研究領域 | 都市文明の本質:古代西アジアにおける都市の発生と変容の学際研究 |
研究課題/領域番号 |
18H05449
|
研究機関 | 筑波大学 |
研究代表者 |
松原 康介 筑波大学, システム情報系, 准教授 (00548084)
|
研究分担者 |
谷口 陽子 筑波大学, 人文社会系, 准教授 (40392550)
木村 周平 筑波大学, 人文社会系, 准教授 (10512246)
|
研究期間 (年度) |
2018-06-29 – 2023-03-31
|
キーワード | アレッポ / アルジェ / 地中海都市 / 都市計画 / 都市史 / 重層性 |
研究実績の概要 |
本年度の実績として、1)アルジェの近代都市計画史研究、2)戦後仏語圏における都市計画家の交流史研究、3)地中海諸都市の比較研究、および4)シリアにおける実践的な文化財研修を通じた研究交流の4つを報告する。 1)アルジェの近代都市計画史研究では、ローマ時代に起源を持つ旧市街、1830年から130年以上続いたフランス植民都市計画、及びル・コルビュジエや日本の番匠谷堯二らが活躍した独立期のスラム調査や廉価住宅の特徴を考察し、地域の自然や伝統的住宅の形式に即した計画が試みられていたことが明らかとなった。 2)戦後仏語圏における都市計画家の交流史研究では、ボディアンスキー、キャンディリス、アニング、番匠谷の、出自の異なる4名の都市計画家が、ATBAT(建造者アトリエ)における実践を通じていかなる計画論を模索していたのかが明らかとなった。
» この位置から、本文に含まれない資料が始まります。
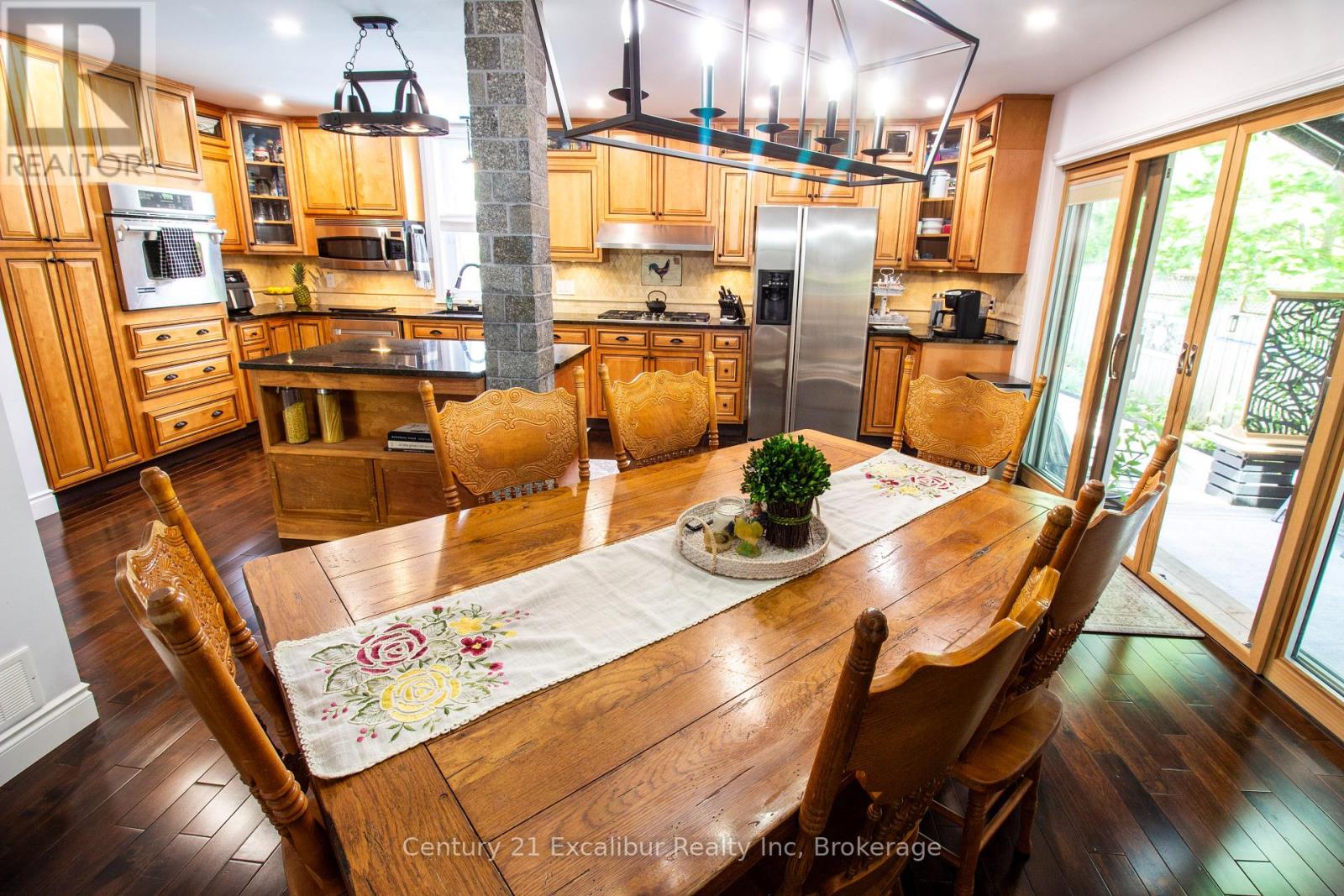 708 CAMPBELL AVENUE - 8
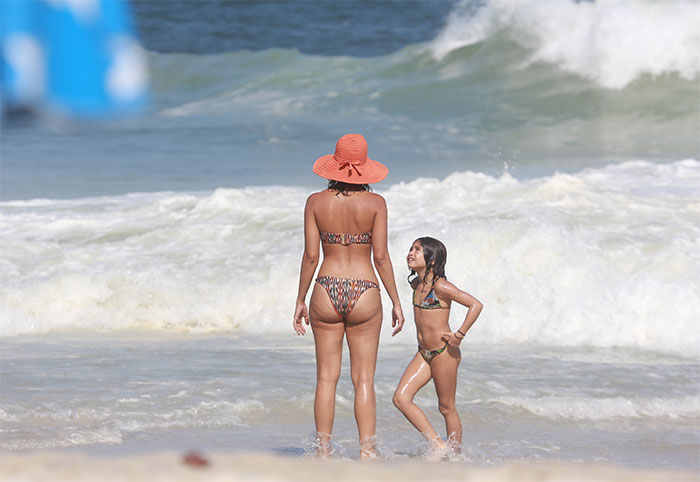 Camila Pitanga mostra corpão e bumbum avantajado em praia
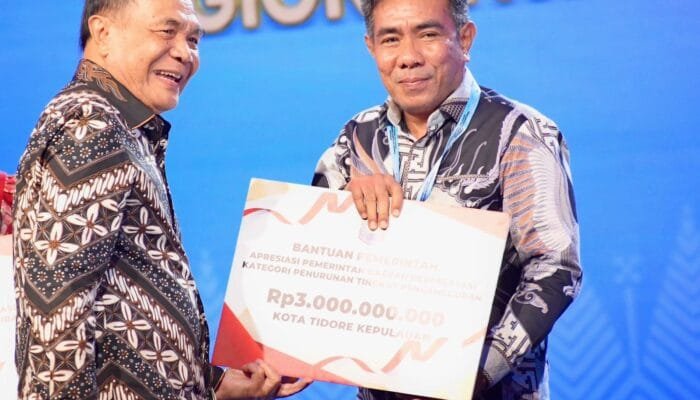 Tidore Raih Penghargaan dan Insentif Fiskal Rp3 Miliar dari Kemendagri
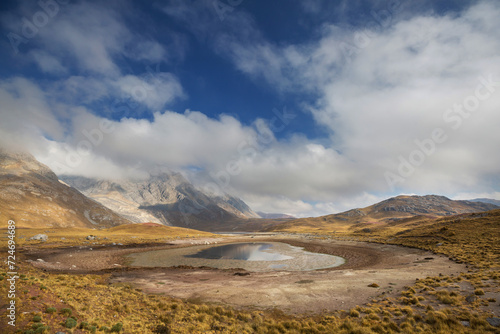 Lake in Cordillera © Galyna Andrushko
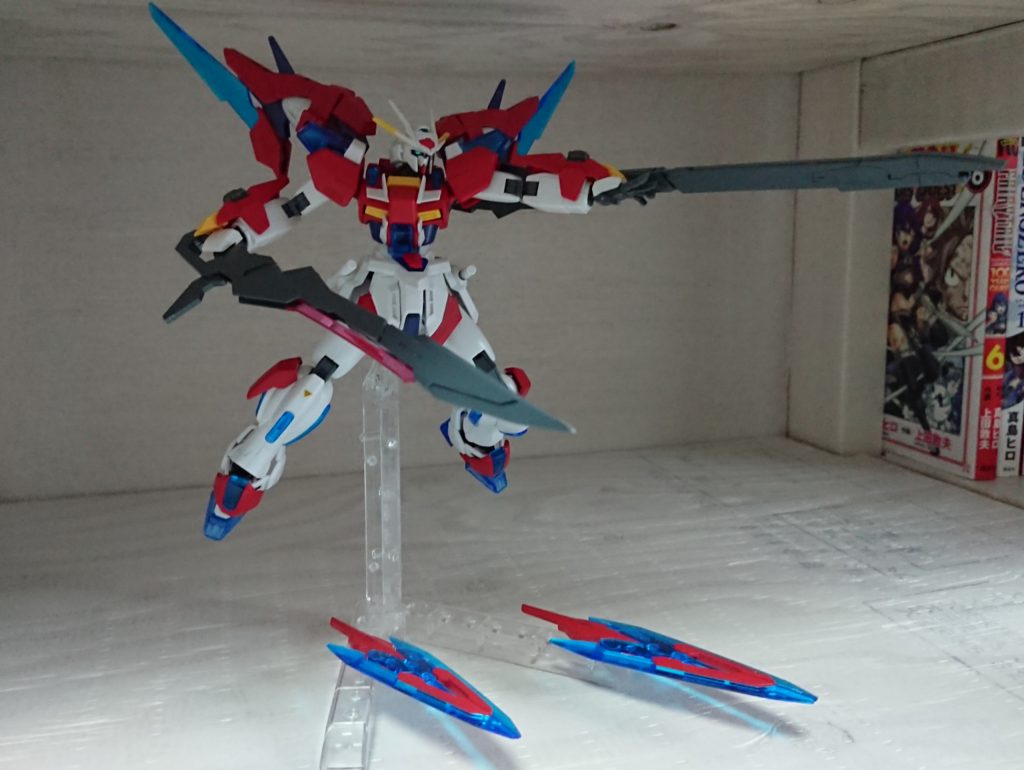 バスターソードとロングライフルもそのまま装備GNソードビットも取り外し可能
カサブランカで実践されたキャンディリスの「最大多数のための住まい」は、番匠谷との交流によって「進化型住宅」へと発展していった。これが後年の中東・北アフリカにおける都市計画論へとつながっていく。 3)地中海諸都市の比較研究は、共著による出版を機会に実施したもので、文系理系と問わず、都市を研究対象としている方々との比較研究を通じて、その歴史、計画史のポイント、観光資源などについて広く浅く知見を得た。本年度から新たに加わる分担者にはこの時の共著者が多く含まれている。 4)より実践的な研究活動として、国連開発計画を通じて実施されたシリア人文化財専門家の日本国内およびレバノン国での都市計画史研修を行い、文化財の保全、記憶の継承といったテーマで研究交流を行った。この他、ベイルートの復興現場で働くシリア移民描いた映画『セメントの記憶』の解説記事を執筆した。
|
現在までの達成度 (区分) |
現在までの達成度 (区分)
2: おおむね順調に進展している
理由
当初の目的であった、西アジア地域都市計画史研究の土台となる、アルジェの都市計画史および戦後仏語圏の都市計画史研究が出版され、分担者にもなる共著者らとともに地中海都市の比較研究の成果の一端を出版されたことから、おおむね順調に進展していると判断した。
|
今後の研究の推進方策 |
研究分担者を大幅に増加したことで、より広い視点から西アジアの都市計画研究を展開する。代表者はダマスカスの重層的成り立ちについて研究を進める。